The International Criminal Court recently rejected a proposal to open an investigation into possible war crimes and crimes against humanity committed during the Afghan conflict. The decision has received backlash, notably from Param-Preet Singh, the associate criminal justice director of Human Rights Watch. In an editorial, Singh says “The decision [of the Court] effectively slammed the door in the faces of victims and their families who have had no recourse to justice.”
Singh notes the atrocities committed during the conflict, including the torture, rape, and murder of civilians by the Taliban and abuses by foreign forces, such as the United States. The Court’s judges said they agreed with the argument brought by the prosecutor that there was reasonable basis crimes had been committed that fell under ICC jurisdiction. They further agreed that those most responsible for the crimes had not yet been brought to justice. But, when the judges assessed whether the Court should proceed with the investigation, they decided moving ahead would not be in the “interest of justice.”
According to the Court, continuing with the investigation would only serve the “interest of justice” if it would lead to the successful prosecution of cases within a reasonable amount of time. For the judges, the case would most likely not meet this goal. Singh breaks down the reasons for the decision, including ICC resource restraints, the political instability of Afghanistan and the impact the investigation may have on the United States. But, Singh says that this ruling sets a dangerous precedent for future cases.
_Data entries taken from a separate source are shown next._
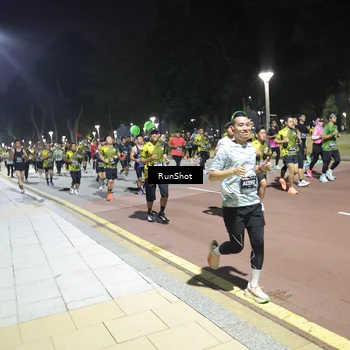 Runner Photo 6528535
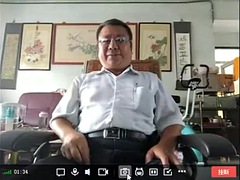 アジア人, ぽっちゃり, 中国人, ゲイ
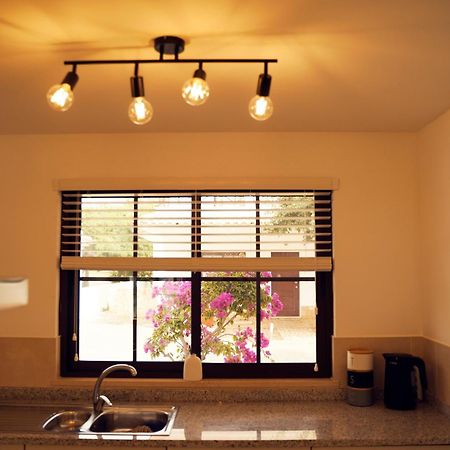 Tortuga Beach Villa, Santa Maria, Sal, Cape Verde Εξωτερικό φωτογραφία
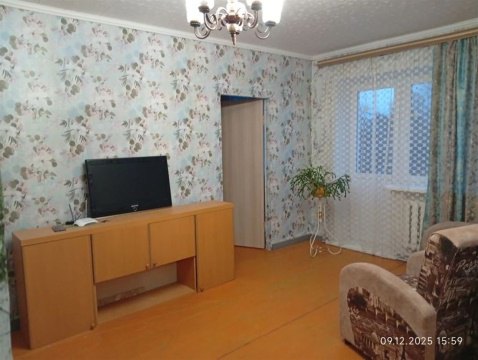 2-к квартира, 2/2 эт., 42м²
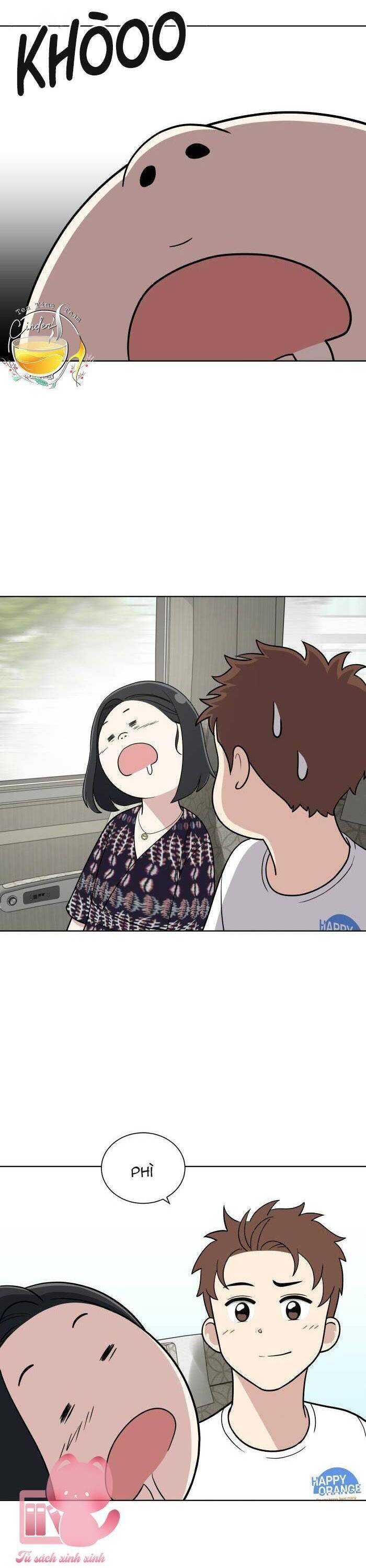 Cô Nàng Hết Thuốc Chữa Chap 71 - Next Chap 72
“But what’s new and disturbing is the judges’ use of the amorphous ‘interests of justice’ to allow these political and practical considerations to neuter the ICC’s mandate,” Singh writes. She says following the judges’ logic, the Court should only examine cases where cooperation by states is guaranteed. “In doing so, [the ICC have] handed states a playbook to insulate themselves from the law’s reach.”
There is potential for an appeal of the Court’s decision. But as it stands, the ICC will not investigate the ware crimes and crimes against humanity committed in Afghanistan.